● TASK GOAL:
Every record below must be copied exactly, with images dropped.

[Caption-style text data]

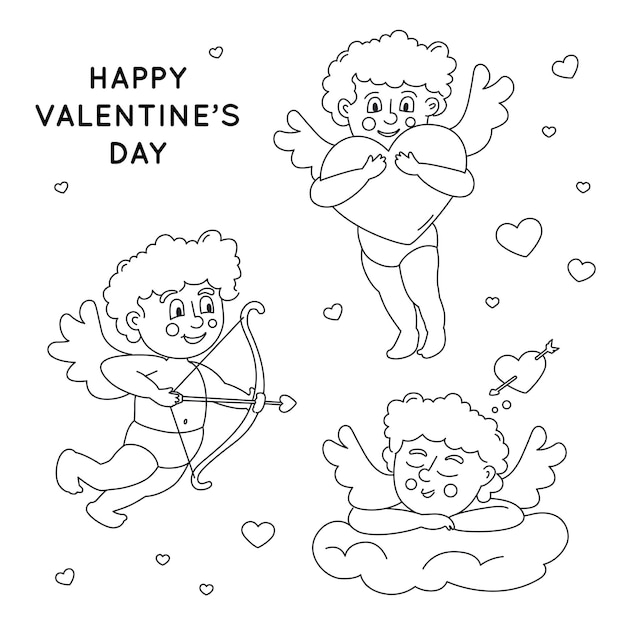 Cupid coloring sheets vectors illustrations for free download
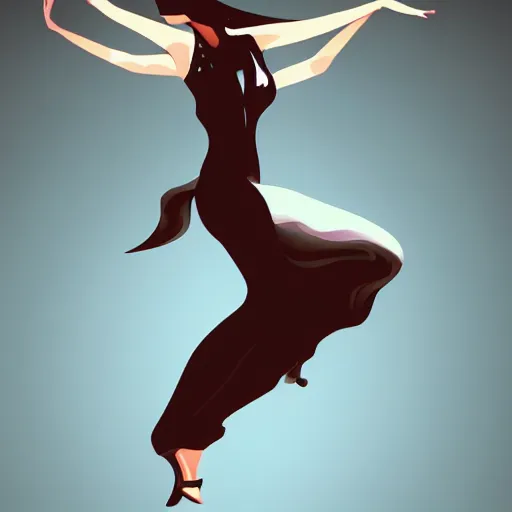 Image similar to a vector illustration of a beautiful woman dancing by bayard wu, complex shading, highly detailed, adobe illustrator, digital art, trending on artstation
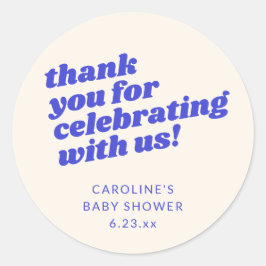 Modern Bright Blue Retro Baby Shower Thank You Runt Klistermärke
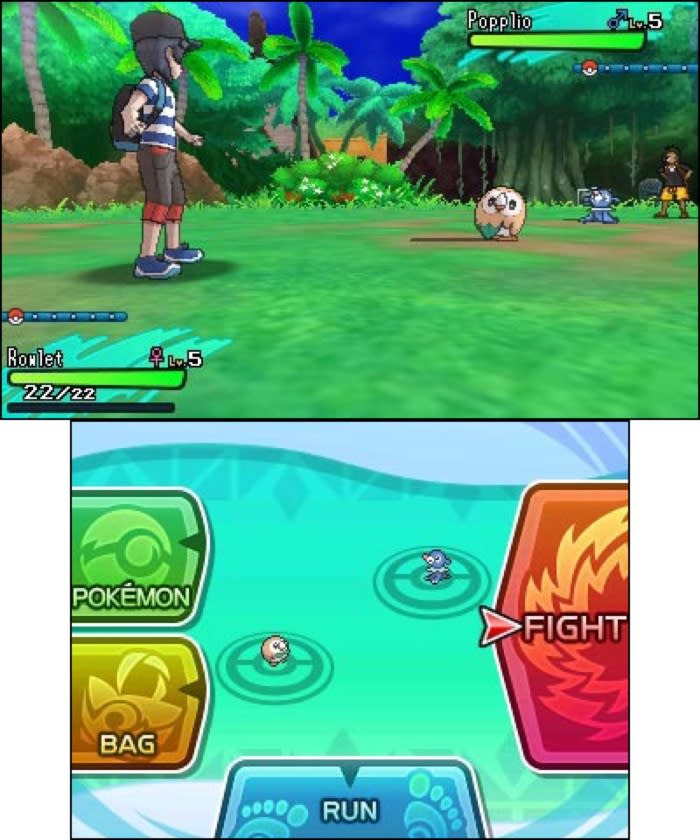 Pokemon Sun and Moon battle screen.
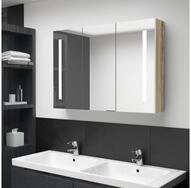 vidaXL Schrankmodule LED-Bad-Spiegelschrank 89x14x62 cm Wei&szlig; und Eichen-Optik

● SOLUTION TO THE PROBLEM:
 Cupid coloring sheets vectors illustrations for free download
 Image similar to a vector illustration of a beautiful woman dancing by bayard wu, complex shading, highly detailed, adobe illustrator, digital art, trending on artstation
 Modern Bright Blue Retro Baby Shower Thank You Runt Klistermärke
 Pokemon Sun and Moon battle screen.
 vidaXL Schrankmodule LED-Bad-Spiegelschrank 89x14x62 cm Wei&szlig; und Eichen-Optik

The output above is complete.